== Data records

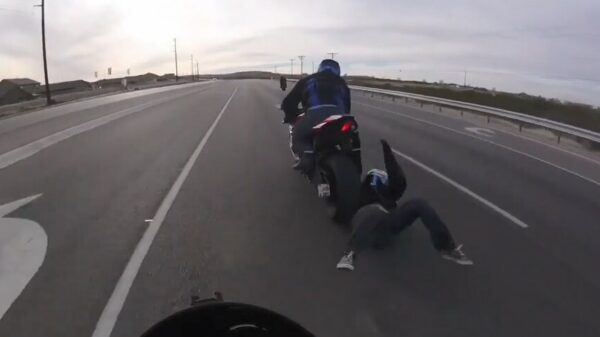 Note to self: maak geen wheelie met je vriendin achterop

====
== Data records

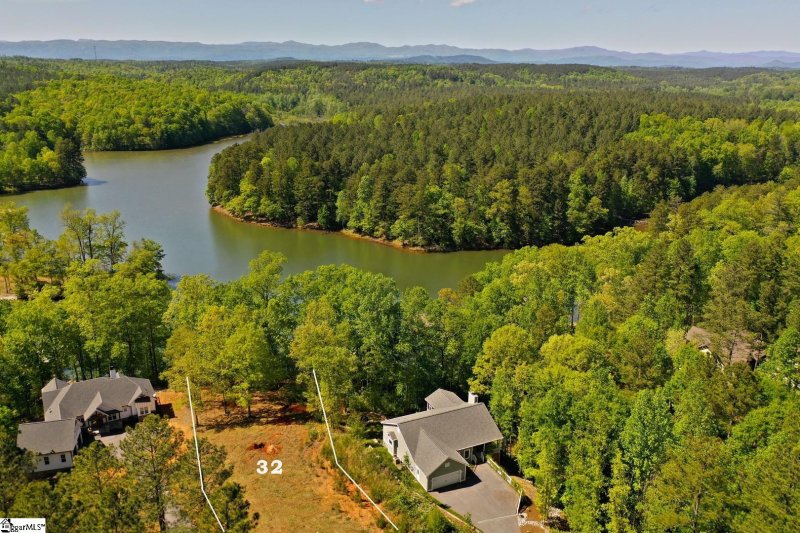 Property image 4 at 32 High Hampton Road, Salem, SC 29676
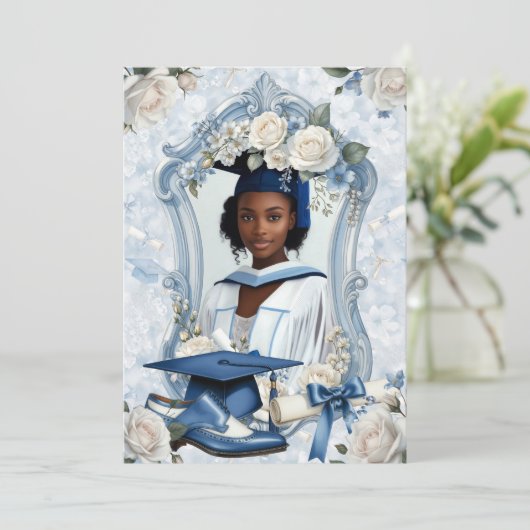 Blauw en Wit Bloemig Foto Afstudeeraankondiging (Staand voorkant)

====
== Data records

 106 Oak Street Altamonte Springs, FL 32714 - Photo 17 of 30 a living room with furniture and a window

====

## Work to complete
Using the listing above, restate exactly the range between the lines holding "Property image 4" and "Blauw en Wit", inclusive, with pictures left out.

## Answer
 Property image 4 at 32 High Hampton Road, Salem, SC 29676
 Blauw en Wit Bloemig Foto Afstudeeraankondiging (Staand voorkant)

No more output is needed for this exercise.